Chapter 8

Griffin

The kids were asleep and Margo was off sulking about her mate not being here. My parents and I sat a little distance off on logs we'd rolled to frame our campfire. It was a perfect night, the kind I really wished I could enjoy. It was hard to appreciate the beauty around me when so much of my energy was focused internally.

Dad and Pop were having a stilted conversation about Dad's work, so disjointed and with such long pauses between responses that I knew their real conversation was through the mind link they shared. If they were bothering to try and hide it from me, it must be about my situation. And I couldn't blame them; what else was there to talk about, really?

I was tired, but there was no point in going to bed yet. I'd only lay awake in the dark with no hope of distraction. And then, miracle of miracles, a distraction appeared.

Fen materialized in front of me with his foot almost in the fire. Dad shouted a wordless warning and Pop scrambled out of his seat to bodily shove Fen away from danger. Fen's eyes were wide and alarmed as he processed what had just happened, and then he actually laughed. It was just a shaky little thing, a little heh that was completely overshadowed by the way his eyes remained wide and fearful.

"Fen! Are you okay?" Dad asked in a whisper-shout.

"I'm okay," he said. His voice sounded uncertain. He brushed off his pants, or maybe wiped clammy palms, and nodded to himself. "Yeah, I'm okay."
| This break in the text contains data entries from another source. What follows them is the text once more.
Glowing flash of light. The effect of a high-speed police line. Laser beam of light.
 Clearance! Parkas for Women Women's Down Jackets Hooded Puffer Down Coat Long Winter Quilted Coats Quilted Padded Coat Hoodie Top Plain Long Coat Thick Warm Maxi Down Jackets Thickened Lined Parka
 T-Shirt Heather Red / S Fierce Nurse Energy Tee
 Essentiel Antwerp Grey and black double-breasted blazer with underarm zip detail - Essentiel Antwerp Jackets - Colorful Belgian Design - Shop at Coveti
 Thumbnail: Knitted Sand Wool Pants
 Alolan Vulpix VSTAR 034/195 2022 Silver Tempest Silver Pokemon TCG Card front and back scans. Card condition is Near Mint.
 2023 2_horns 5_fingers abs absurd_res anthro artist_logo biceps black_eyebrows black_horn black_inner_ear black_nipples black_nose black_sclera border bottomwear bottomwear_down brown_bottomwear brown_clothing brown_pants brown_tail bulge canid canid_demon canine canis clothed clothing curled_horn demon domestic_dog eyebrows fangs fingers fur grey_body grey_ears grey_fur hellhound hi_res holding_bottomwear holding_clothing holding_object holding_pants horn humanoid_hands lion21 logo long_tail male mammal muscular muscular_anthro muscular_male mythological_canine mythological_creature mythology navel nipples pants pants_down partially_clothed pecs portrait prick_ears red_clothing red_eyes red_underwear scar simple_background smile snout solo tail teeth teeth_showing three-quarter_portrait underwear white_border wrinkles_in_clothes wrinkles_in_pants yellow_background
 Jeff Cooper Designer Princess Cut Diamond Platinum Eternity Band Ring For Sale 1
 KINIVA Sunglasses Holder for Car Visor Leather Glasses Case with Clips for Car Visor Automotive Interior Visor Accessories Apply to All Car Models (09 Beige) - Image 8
"Why don't you sit down?" Dad asked, getting up and sitting in the space beside me. Did he do it so he could support me? Or so I could have a better view of Fen while he explained whatever the hell happened earlier when he brought my mate to me and took him away again? Probably both.

Fen sat next to Pop and looked between my fathers. It seemed like he was avoiding my gaze, especially when his eyes fell on me for just a second and he immediately looked down. His fingers twisted together in his lap and he seemed to fold in on himself, just a little.

"Sorry it took me so long to come," Fen said quietly. His voice was even softer than the popping and crackling noises coming from the fire, and I was thankful for my supernatural hearing. "I was busy all afternoon, and then I went home for a while to spend some time with Zale and Amara before she had to go to bed."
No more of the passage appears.